Thursday, June 27, 2013
C3.23 (Oudemanhuispoort)
With the stagnation of the EPA negotiations, the centrepiece of the EU’s trade and development strategy following the crisis has been a series of proposed reforms to the Generalised System of Preferences (GSP). Although EU policymakers have argued the need to ‘refocus’ these preferences on those most in need, this paper argues that the proposals are actually aimed at increasing EU leverage in Free Trade Agreement (FTA) negotiations with emerging economies. These would lose their preferential access to the EU market under the proposed changes without much gain accruing to the supposed beneficiaries (‘vulnerable’ and least developed economies). The GSP proposals form part of a broader ‘reciprocity’ agenda being pursued by the current Trade Commissioner.

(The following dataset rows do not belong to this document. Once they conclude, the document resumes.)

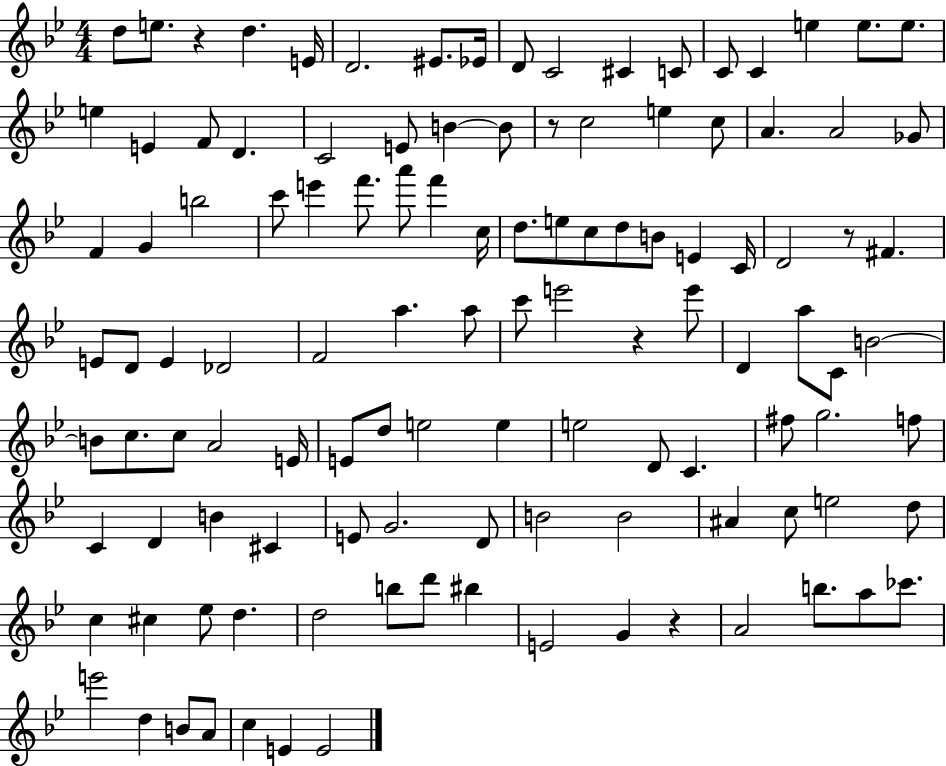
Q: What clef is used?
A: treble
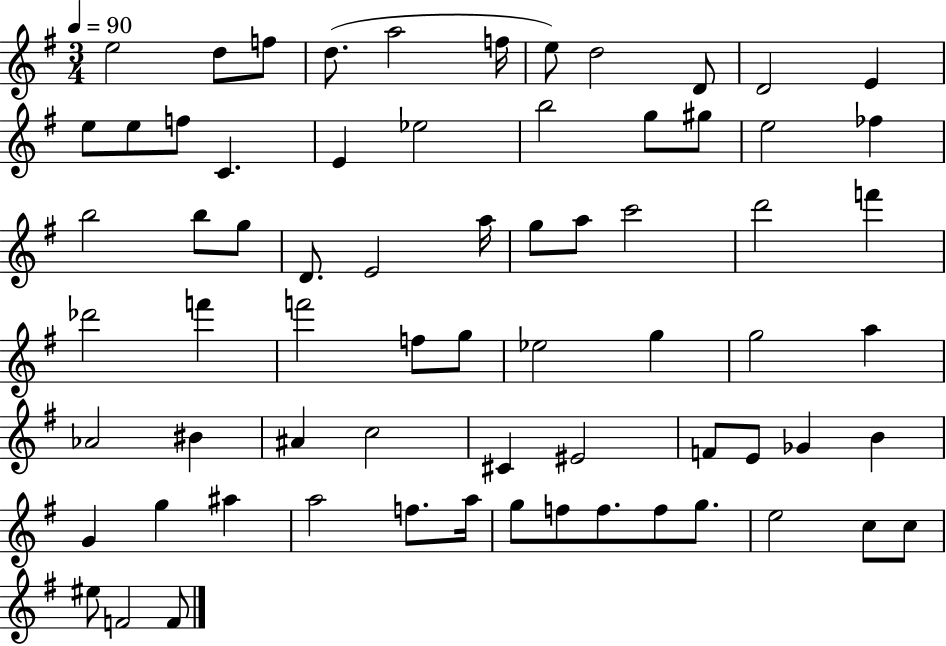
{
  \clef treble
  \numericTimeSignature
  \time 3/4
  \key g \major
  \tempo 4 = 90
  \repeat volta 2 { e''2 d''8 f''8 | d''8.( a''2 f''16 | e''8) d''2 d'8 | d'2 e'4 | \break e''8 e''8 f''8 c'4. | e'4 ees''2 | b''2 g''8 gis''8 | e''2 fes''4 | \break b''2 b''8 g''8 | d'8. e'2 a''16 | g''8 a''8 c'''2 | d'''2 f'''4 | \break des'''2 f'''4 | f'''2 f''8 g''8 | ees''2 g''4 | g''2 a''4 | \break aes'2 bis'4 | ais'4 c''2 | cis'4 eis'2 | f'8 e'8 ges'4 b'4 | \break g'4 g''4 ais''4 | a''2 f''8. a''16 | g''8 f''8 f''8. f''8 g''8. | e''2 c''8 c''8 | \break eis''8 f'2 f'8 | } \bar "|."
}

Reciprocity here is ultimately about ensuring the EU possesses sufficient offensive leverage in on-going trade negotiations, rather than representing any mercantilist move towards greater domestic protection as might have been expected in the wake of the crisis. In arguing that the EU’s developmental trade agenda is increasingly subordinated to commercial imperatives, but in ways that the rationalist IPE literature on collective action may find difficult to explain, this paper seeks to make a contribution to constructivist accounts that focus on the ideas internalised by policymakers.